Auteur: Joost Dijkstra
Het mondeling examen als statussymbool
Wat schrijf je in je laatste column van een serie? Niet dat ik een curriculum in gedachte had toen ik begon, maar ik wil de afsluiting toch enige status geven. Terugkijkend heb ik in vorige columns toetsing vooral benaderd als een manier om de competentie van studenten vast te stellen en deels hun leergedrag te beïnvloeden. Een functie van toetsing die ik daarbij niet heb meegenomen, sterker nog, waar ik tot voor kort nog nooit aan had gedacht, is de functie van het examen als statussymbool.
In dit geval gaat het niet over de status ‘toelating tot de arbeidsmarkt’. Het gaat over een mondeling examen dat geen ‘formele’ invloed heeft op je carrière. Ja echt, dat bestaat… De waarde ligt dan ook alleen in het verworven aanzien in de sociale omgeving. Bij de keuze van het toetsinstrument is het doel (en dus ook de functie) van enorm belang als het gaat om de eisen die gesteld moeten worden aan de drie bekendste kwaliteitseisen: betrouwbaarheid, validiteit en impact op leergedrag. Het mondeling examen voldoet niet als je kijkt naar de betrouwbaarheid van één mondeling met één examinator, maar meestal zijn meer examens en meer examinatoren te duur.

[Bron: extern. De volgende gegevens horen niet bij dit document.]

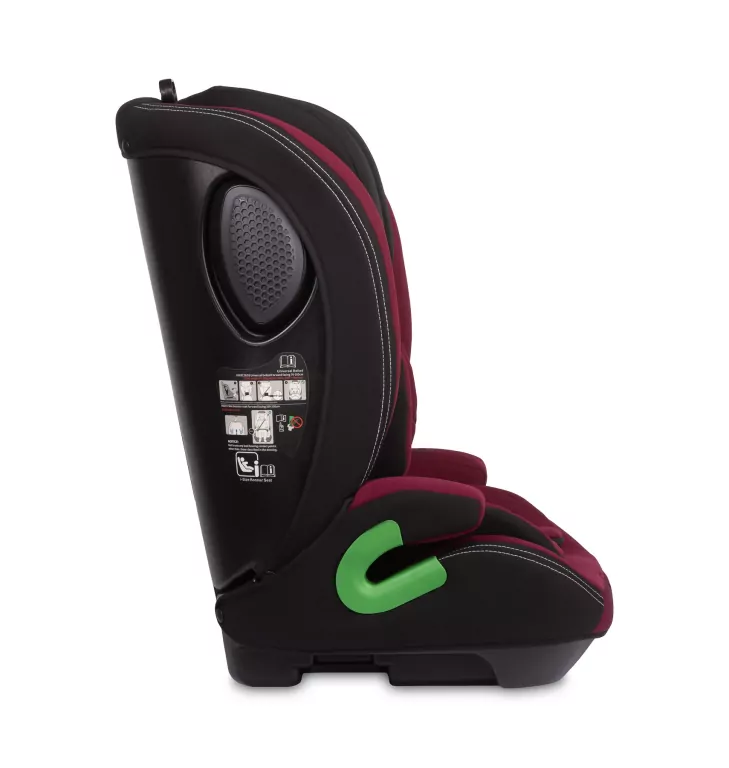 Caretero Fotelik Vivo burgundowy (76-150cm) - tantis.pl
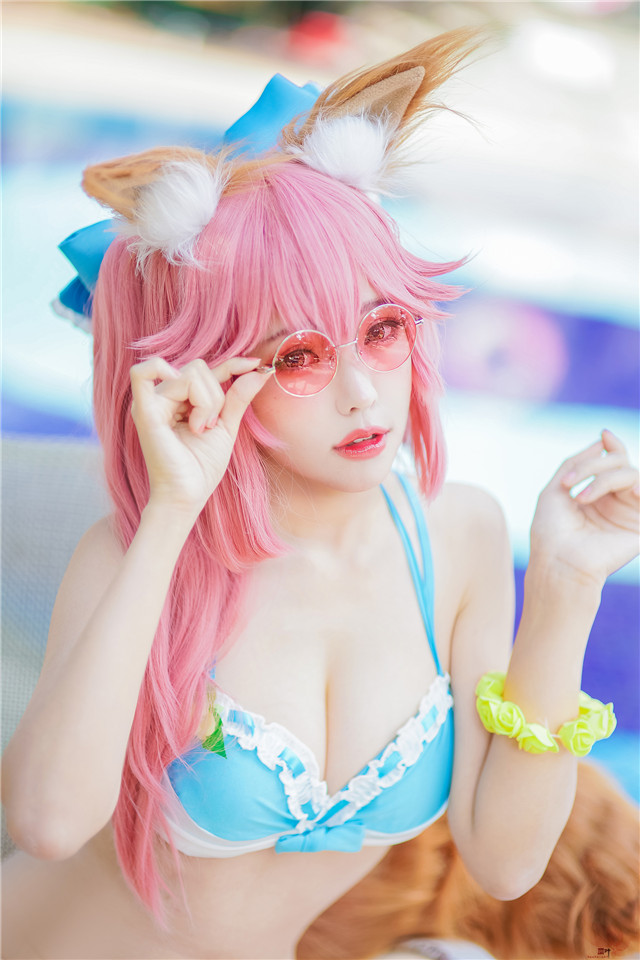 玉藻前COS泳装写真Swimsuit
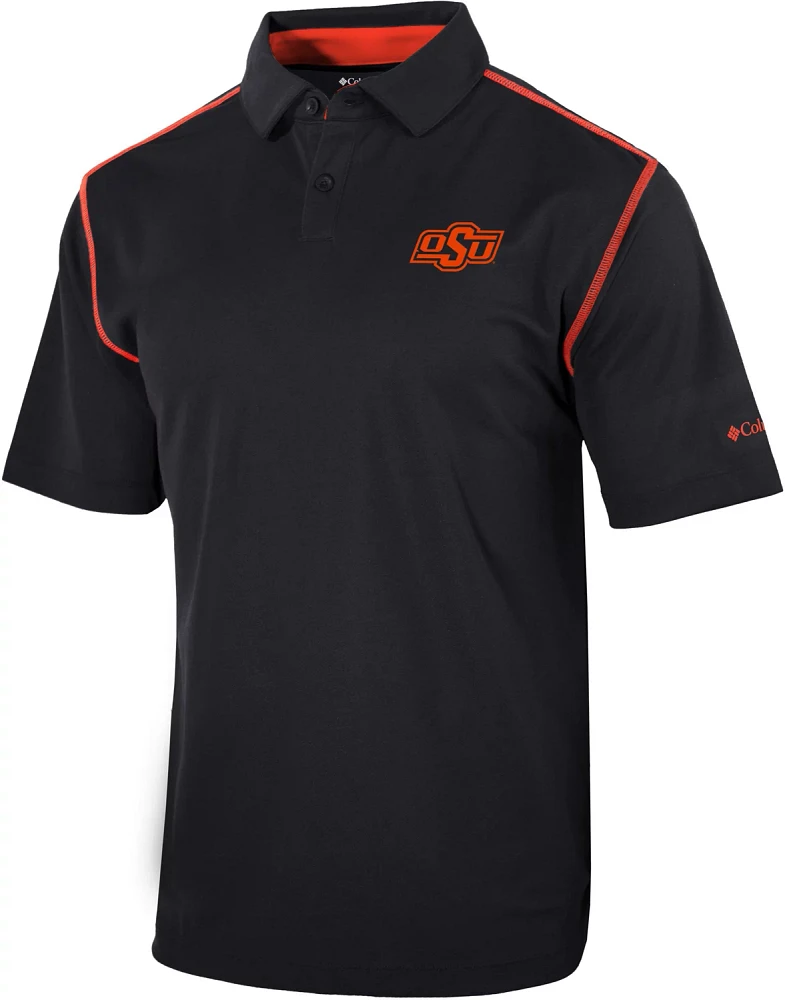 Columbia Sportswear Men's Oklahoma State University High Stakes Polo Shirt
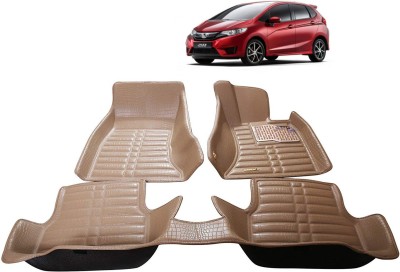 AYW Plastic 5D Mat For  Honda Jazz(Beige)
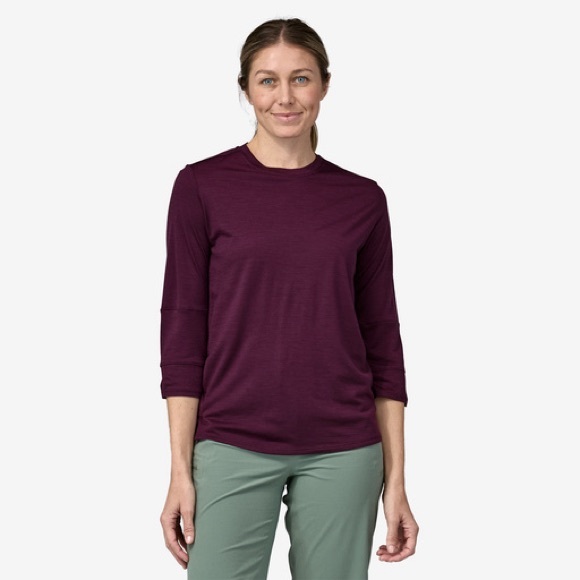 Patagonia Merino 3/4 Length Sleeve Bike Jersey - Picture 1 of 8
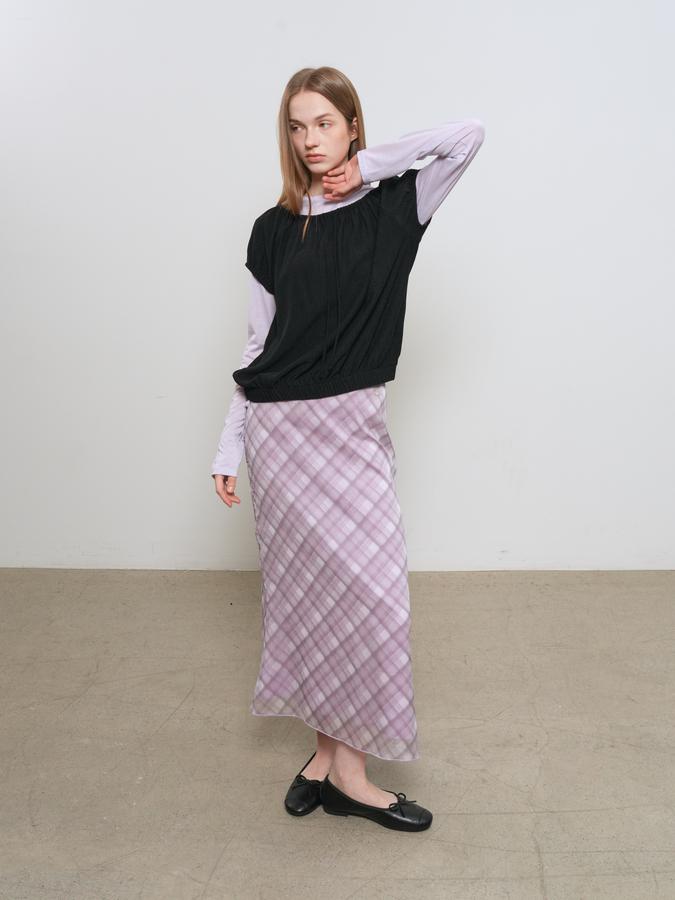 Check sheer long skirt (Хүргэлт 5/24)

Voor validiteit lijkt een mondeling een prima instrument, althans op het eerste gezicht. Studenten kunnen flexibel en op maat beoordeeld worden. Als studenten verschillend onderwijs krijgen, bijvoorbeeld tijdens een stageperiode, dan kunnen de vragen op maat worden gemaakt zodat de student niet als eenheidsworst wordt benaderd. Helaas is het onderwerp van het mondeling vaak sterk gerelateerd aan de hobby van de examinator.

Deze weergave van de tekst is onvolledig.